Twitter will allow some employees to 'work from home' forever

Twitter unlikely to open its offices before September due to coronavirus pandemic

PTI11_12_2018_000095B Twitter CEO Jack Dorsey

In what could be indications of a paradigm shift in work culture around the globe, Twitter has said many of its employees would be permitted to work from home permanently even after the end of the coronavirus lockdowns. The social media company added that it was unlikely to open its offices before September. 

"We were uniquely positioned to respond quickly and allow folks to work from home given our emphasis on decentralisation and supporting a distributed workforce capable of working from anywhere," a Twitter spokesperson said. “The past few months have proven we can make that work. So if our employees are in a role and situation that enables them to work from home and they want to continue to do so forever, we will make that happen.”

Twitter has “strongly encouraged” working from home since March 2 and mandated employees to work from home starting March 11. Employees who prefer to work remotely can now do so indefinitely, Twitter CEO Jack Dorsey said in an email to his employees. Those who want to return to the office will probably need to wait until at least September.

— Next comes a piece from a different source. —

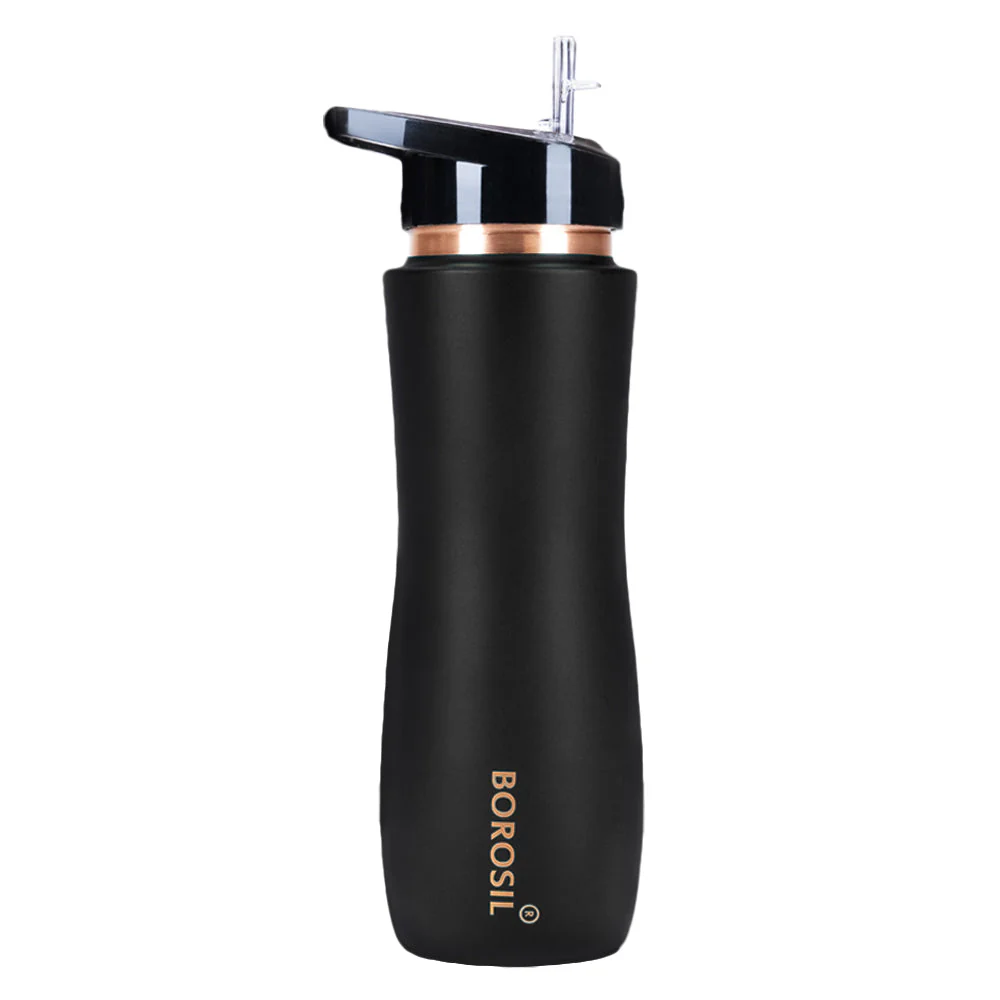 Personalised Sipper Copper Bottle, Black - Image 11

“When we do decide to open offices, it also won’t be a snap back to the way it was before,” the company said. “It will be careful, intentional, office by office and gradual.”

"There will also be no business travel before September, with very few exceptions, and no in-person company events for the rest of 2020. We will assess 2021 events later this year," Twitter added. 

The news comes following word from Google and Facebook that they are likely to continue telework through the end of the year for most employees.

Twitter's decision would herald a significant shift in the post-COVID world. In India, many IT companies, including TCS, are already drafting plans to shift to a permanent 'work-from-home' system. By 2025, TCS will ask a vast majority of 75 per cent of its 4.48 lakh employees globally (including 3.5 lakh in India) to work from home, up from the industry average of 20 per cent today.